Every record below, from first to last, should be copied exactly; leave the pictures out.

Stored items from a collection
== Segment start ==

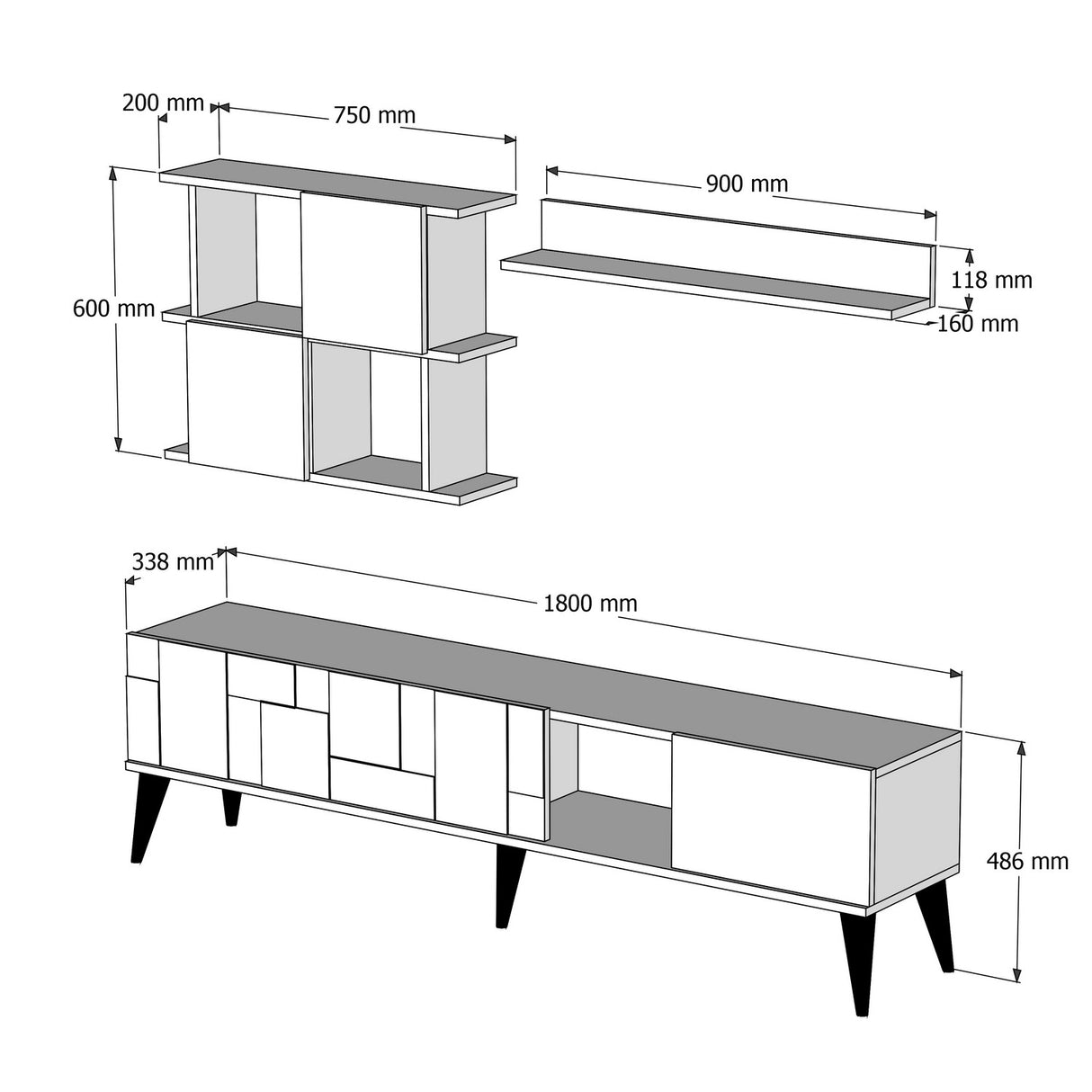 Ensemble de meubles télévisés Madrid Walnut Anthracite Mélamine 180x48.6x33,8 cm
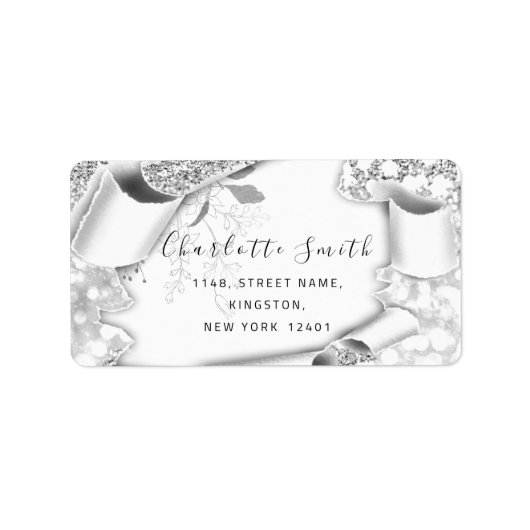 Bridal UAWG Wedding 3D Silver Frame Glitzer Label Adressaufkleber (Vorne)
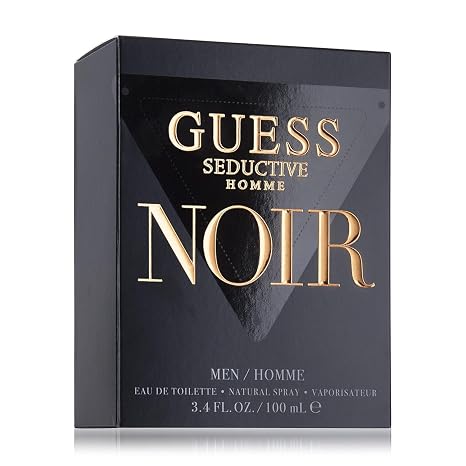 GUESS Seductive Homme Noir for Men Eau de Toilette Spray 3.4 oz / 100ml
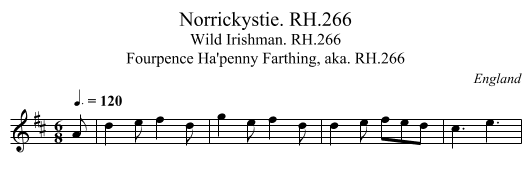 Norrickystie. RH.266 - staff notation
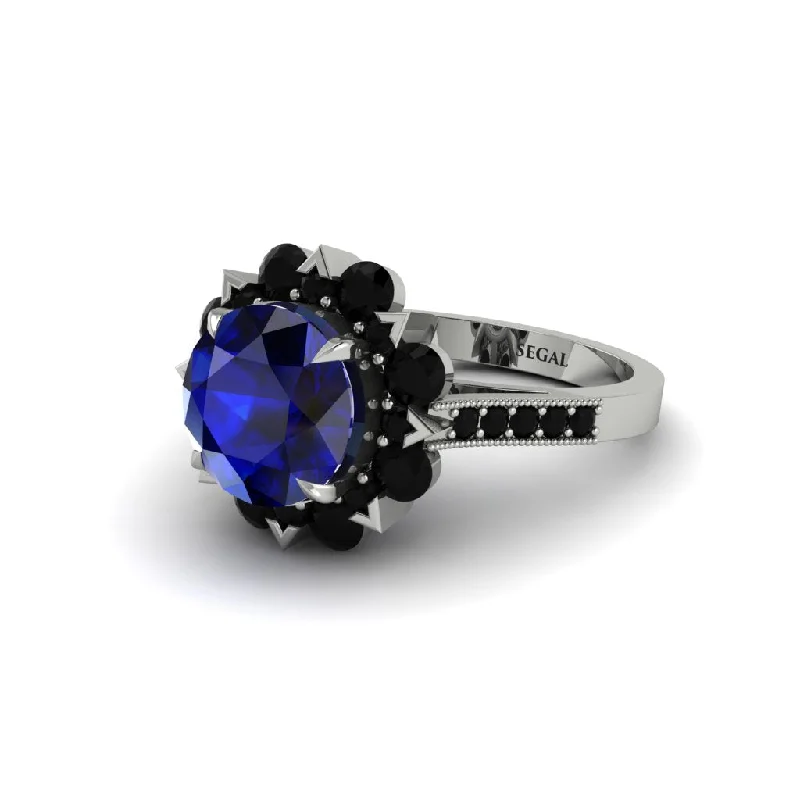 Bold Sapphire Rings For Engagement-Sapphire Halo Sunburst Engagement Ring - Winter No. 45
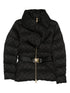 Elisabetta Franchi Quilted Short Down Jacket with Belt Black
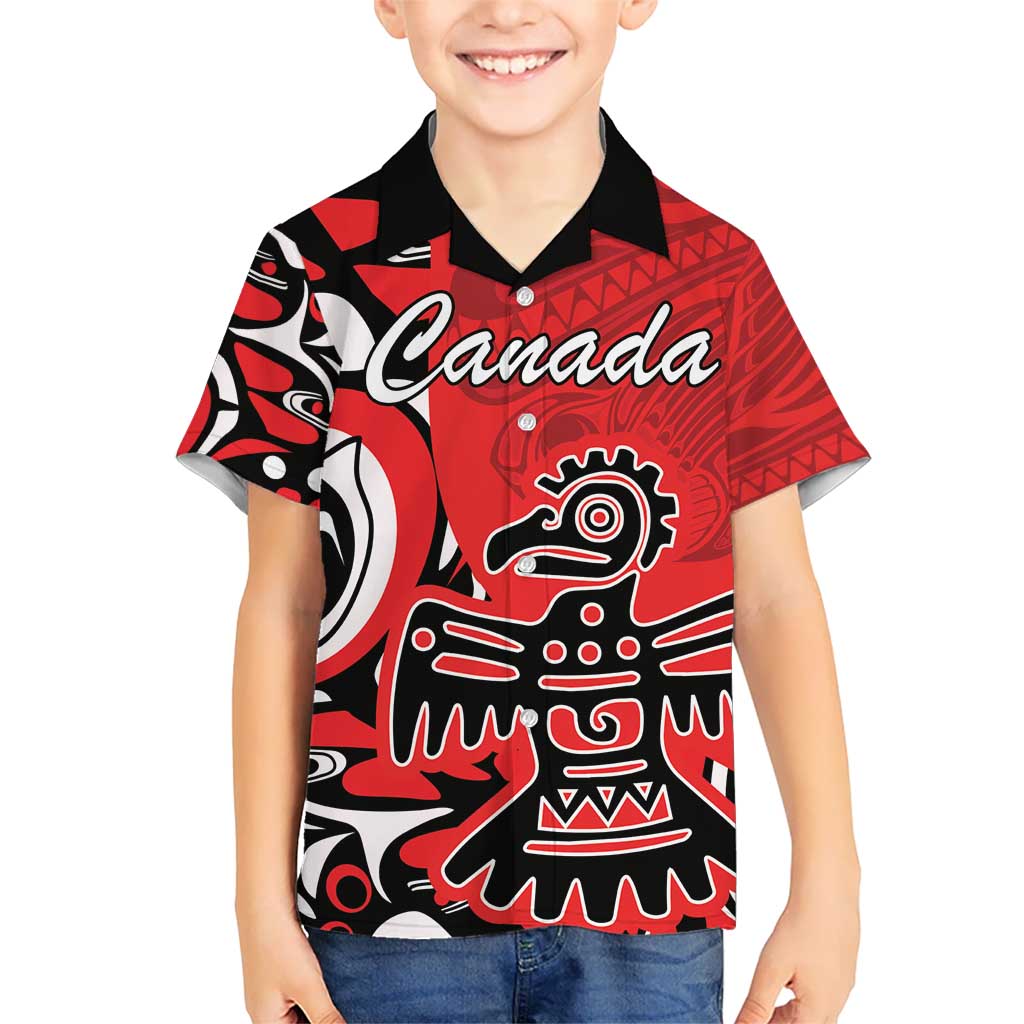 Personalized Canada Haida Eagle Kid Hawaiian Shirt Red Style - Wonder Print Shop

== Segment end ==

Expected answer>
 Ensemble de meubles télévisés Madrid Walnut Anthracite Mélamine 180x48.6x33,8 cm
 Bridal UAWG Wedding 3D Silver Frame Glitzer Label Adressaufkleber (Vorne)
 GUESS Seductive Homme Noir for Men Eau de Toilette Spray 3.4 oz / 100ml
 Norrickystie. RH.266 - staff notation
 Bold Sapphire Rings For Engagement-Sapphire Halo Sunburst Engagement Ring - Winter No. 45
 Elisabetta Franchi Quilted Short Down Jacket with Belt Black
 Personalized Canada Haida Eagle Kid Hawaiian Shirt Red Style - Wonder Print Shop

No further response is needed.